The main thing about having hardware switches is that I don't want to pay for an extra 1U at my data center. So I'm actually going to rig up the switch in an empty sled slot on my C6320! I purchased an empty sled to use as a drawer for easy access to this and possibly another switch while the system is racked. (I previously wanted to avoid this setup so I could have the option to add another server sled in the future.)

1593633517287.png

I may cave in and add a SECOND Mikrotik for redundancy, but more likely will add a 1GbE switch with more ports so I can have physical iDRAC connections as well. The cables on the back of these 3 server sleds are getting insane.... 3x QSFP 40G, interconnects, 3x SFP 10G, 3x Cat6 connected between sleds and hardware switches, 3x Cat6 connected to the iDRAC's, then 2 network uplinks to 2 dfferent hardware switches, and probably an interconenct between switches.

My earlier plan would have just relied upon 3 QSFP cables and then 1 network uplink on 2 different sleds.

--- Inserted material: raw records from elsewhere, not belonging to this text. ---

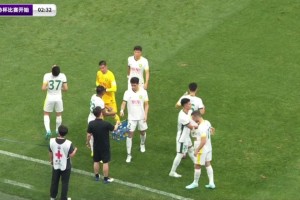 吧友：正經(jīng)的淇圣有點(diǎn)不適應(yīng)，王楚淇：再犀利一點(diǎn)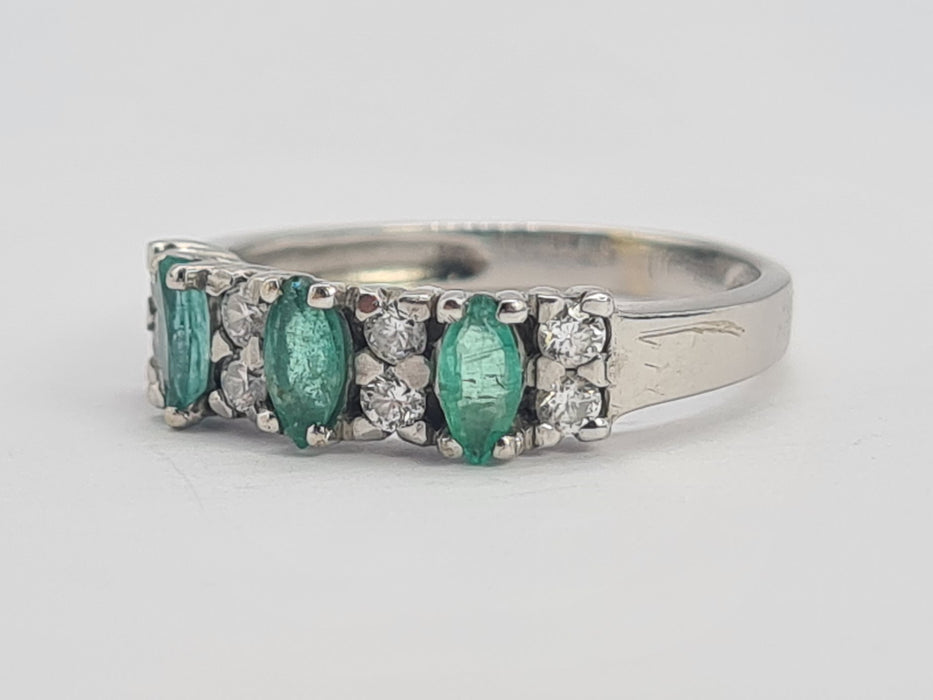 0679: Vintage 14ct White Gold 3 Emeralds 8 Natural Sparkling Diamonds Dress Ring
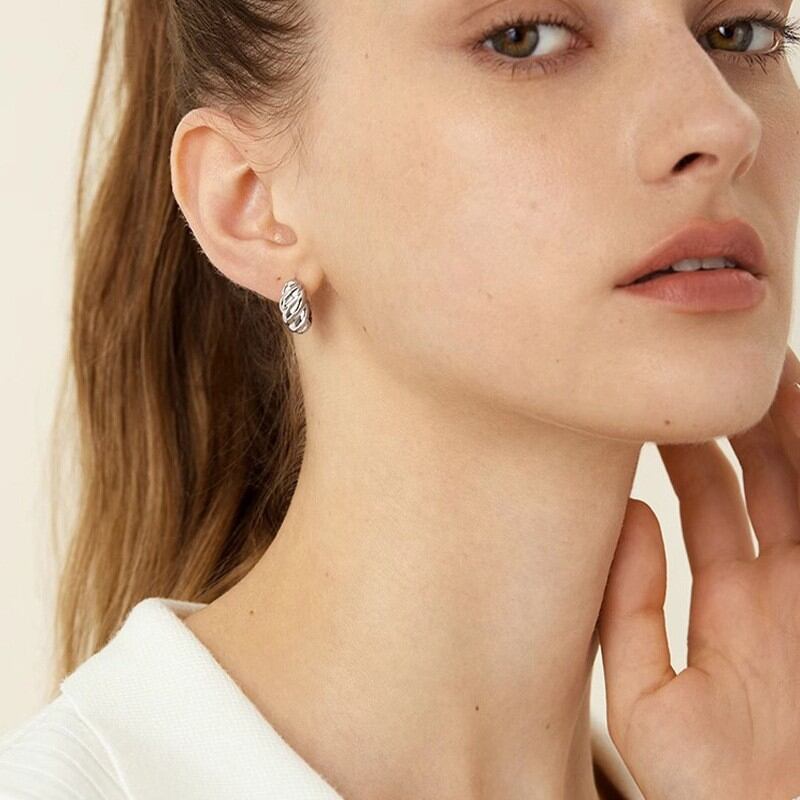 Boucles d'oreilles créoles pour femmes Simple Series Classic Twist en cuivre plaqué rhodium Image3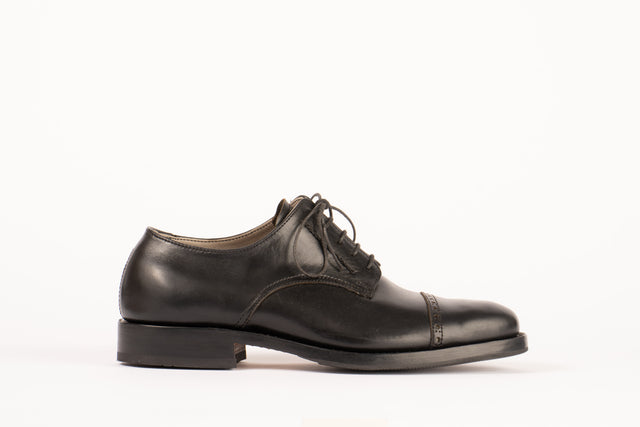 Derby Shoe - Cap Toe Black Chromexcel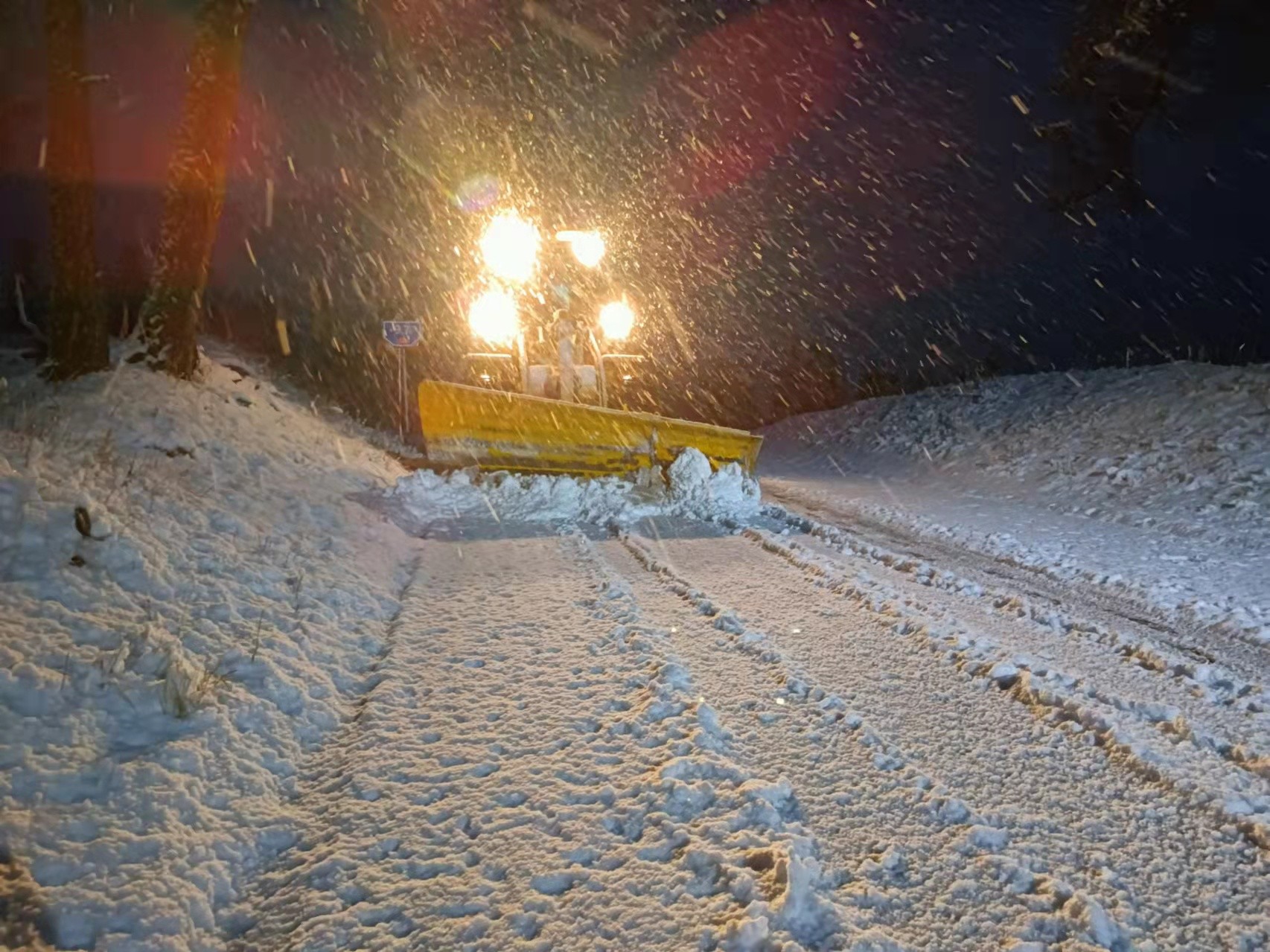 哈巴河公路管理分局清早装载机除雪中  图：徐新建.jpg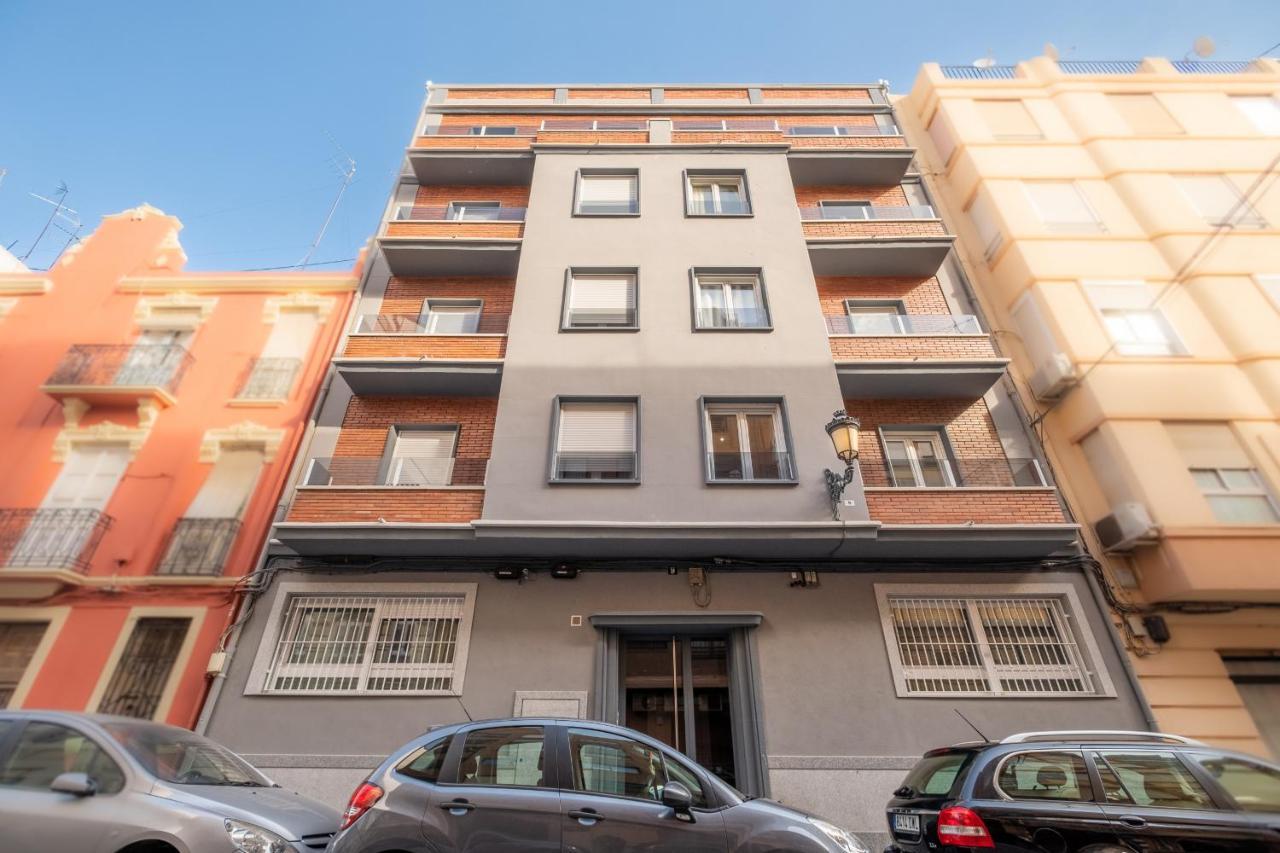 Apartment Modern, Stylish With Balcony *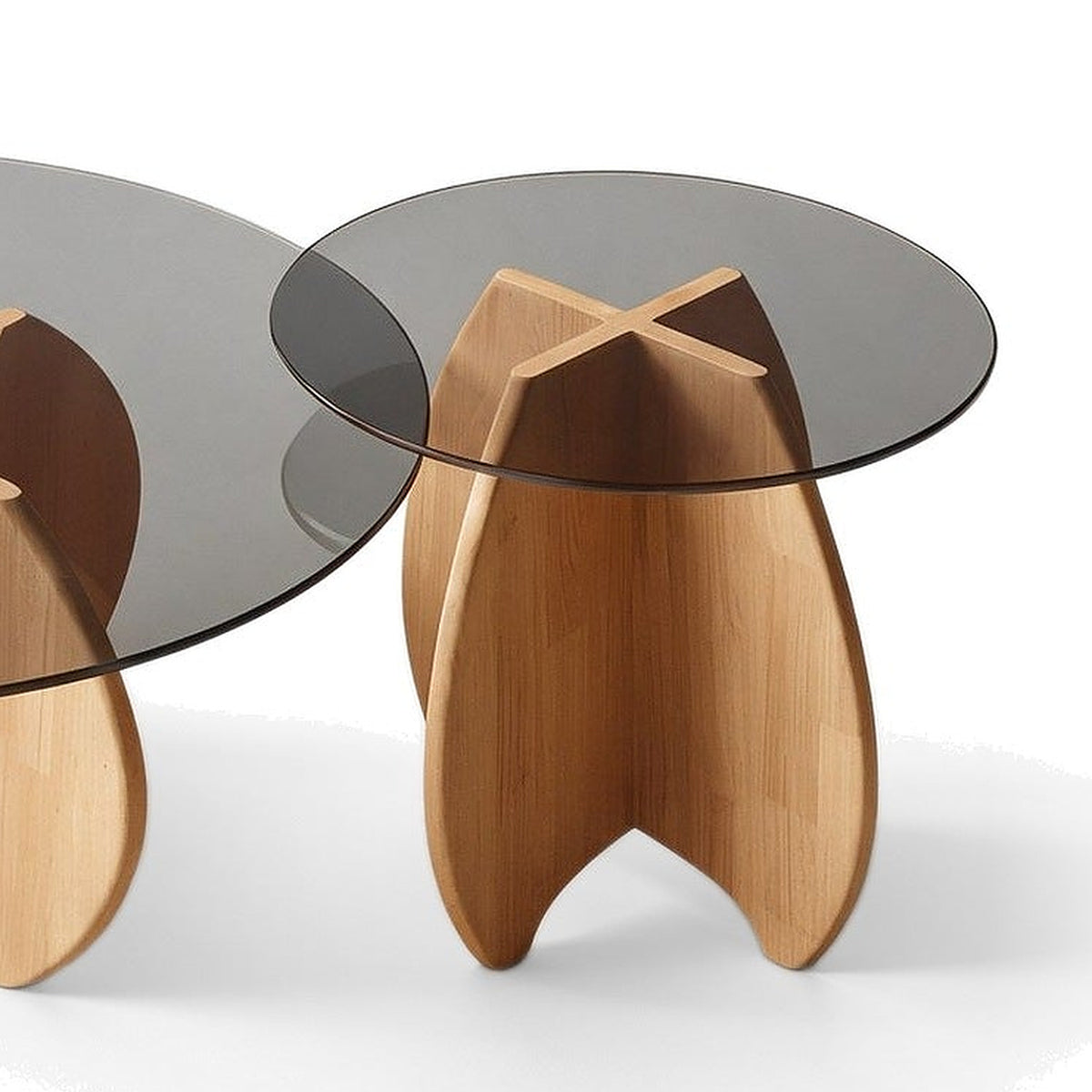 Table basse gigogne Calice teinte Naturel, vue de détail du plateau en verre et de la base tulipe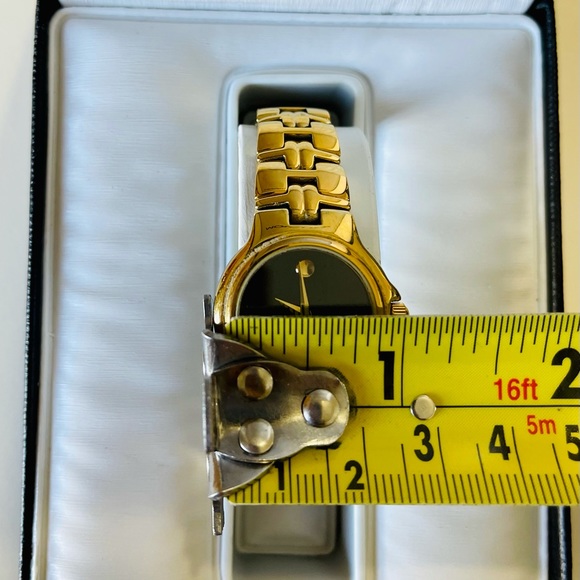 Movado Ladies goldtone watch - comes in original packaging and box - Picture 4 of 5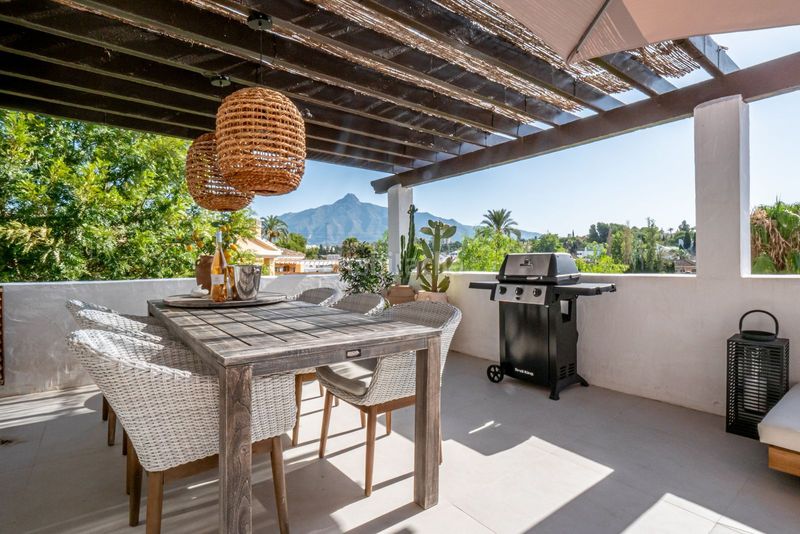 Foto de14f9e4-b9e2-4608-b178-a26f999a3e18. Pis a calle las ventas 16 a Las Brisas Marbella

The Mikrotik switch is pretty cool as it has dual power supply inputs and a wide input voltage range. So I am going to try to hook it up to both power supplies. In the C6300 chassis, these big fat cables run 12v and under the black plastic cover there are 4 terminals, one set for each power supply. There seem to be two of these boards (or at least two sets of cables), one under the other. But BOTH power supplies are present on BOTH boards (assuming the other board is the same) so they are NOT dedicated 1:1 to a PSU. 1 set of cables on each board corresponds to 1 PSU.

The PDU boards probably each support 2 sleds. I'll be interested to see if it's actually a duplicate board underneath the top one or if there is just some power distribution cables down there or if one of these is a daughter card to the other. When I was trying to update the firmware I didn't read anything about needing to do it on two separate boards.

s-l1600 (7).jpg

The other interesting thing back on the direct connect setup is that Mellanox cards have some HARDWARE switching capabilities. Something called an eSwitch.....

Now trying to figure out if that is available on both Connectx3 and Connectx-3PRO cards. And if this works with normal firmware or the OFED firmware they offer.